The Electoral Commission (EC) has rejected the New Patriotic Party’s (NPP’s) demand to purge the existing voter register ahead of the 2016 general election.
Dr. Mahamudu Bawumia, the party’s vice presidential candidate, revealed last year that a team commissioned by the party to scrutinize the voter register had identified 76,286 persons with the same data in both Ghana and Togo’s electoral rolls.
Dr. Bawumia, who was speaking at a widely publicized press conference in Accra last year, was emphatic that the party’s team identified the anomaly after comparing Ghana’s register with that of Togo’s.
The persons, he said, were mostly found in the Volta Region with Ketu South cited as one of the constituencies where the anomalies abound.
The NPP contended that the current electoral roll lacks credibility, citing a deliberate inclusion of aliens in the register.
The disclosure triggered a spontaneous call from civil society groups, religious bodies and the NPP in particular, on the EC to consider the option for a new voter register.
Already, Abu Ramadan, a former national youth organiser of the People’s National Convention (PNC), has dragged the EC to court demanding a new voter register before the 2016 elections are held.
The PNC member and one Evans Nimako, citing the Attorney-General (A-G) as second defendant to the action, want the Supreme Court to set aside the 2012 voter register and compel the EC to compile a fresh one before any new public election or referendum was conducted in the country.
But the EC disagreed, insisting that “seeking to remove names of persons who appear on the registers of Togo, Burkina Faso and Cote d’Ivoire in the EC’s view, would be an arbitrary and discriminatory application of the law.”
The EC’s response, contained in a 33-page document written to the NPP, argued that “in examining the identity and status of the 76,000 Togolese alleged to be on Ghana’s register, the EC found that they were all duly registered during the mass registration period in 2012.”
The EC holds that the NPP did not provide any proof of the citizenship status of the alleged foreign nationals and did not show any proof that they were not entitled to be registered in Ghana.
According to the electoral body, the biometric register has multiple layers of data protection and integrity assurance and does not permit the possibility of pictures on the register being edited.
“The consultant’s report on the Independent Review of the Biometric Voter Register also supports the position that this is not possible and that the system has adequate integrity and has not been compromised. We would be happy to share the consultant’s report with the NPP,” the EC stated.

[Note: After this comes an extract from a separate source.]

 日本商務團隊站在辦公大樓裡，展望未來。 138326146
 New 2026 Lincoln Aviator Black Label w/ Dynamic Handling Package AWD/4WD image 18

Christian Owusu-Parry, Acting Director of Public Affairs of the EC, earlier in a statement issued on the electoral roll controversy, said the demand for a new register was unconvincing.
“The Panel finds the arguments for a new register unconvincing and therefore does not recommend the replacement of the current voters’ register,” he posited in the statement.

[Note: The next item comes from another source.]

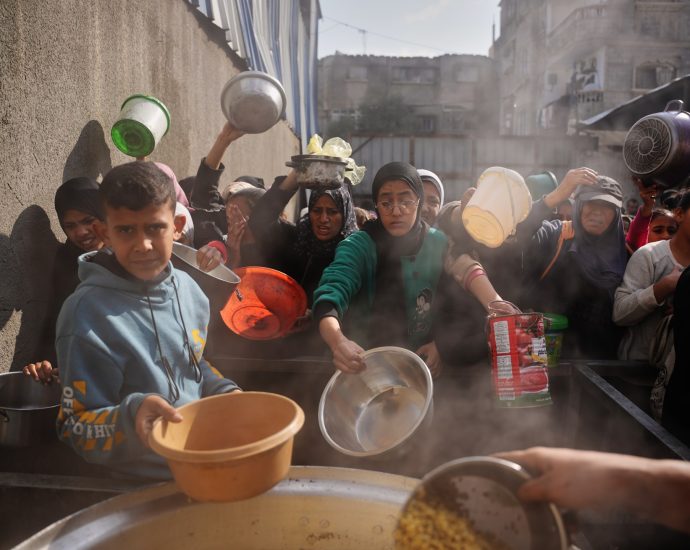 live:-gaza-ceasefire-mediators-to-hold-talks-on-second-phase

According to the statement, the report submitted by the Independent Panel led by His Lordship V.C.R.A.C. Crabbe, set up by the Commission, indicates that “the responsibility for having a clean and credible register is the shared responsibility of all citizens of Ghana.”

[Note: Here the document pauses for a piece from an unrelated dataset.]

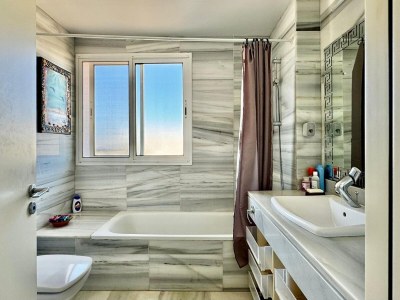 Apartment Nice apartment with shared pool - Features photo 24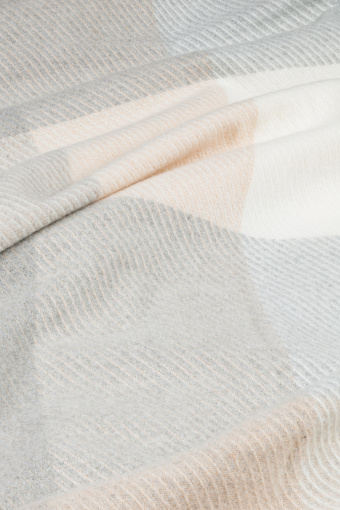 Gruby szal z nadrukiem w kratę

The statement however, indicated that the EC would continue to engage stakeholders to ensure that a clean and credible register is in place for the upcoming general election through an inclusive and collaborative audit process.
Mr. Owusu-Parry said the Commission was commited to ensuring transparent, inclusive and credible general election this year and to ensuring democratic growth and stability in Ghana.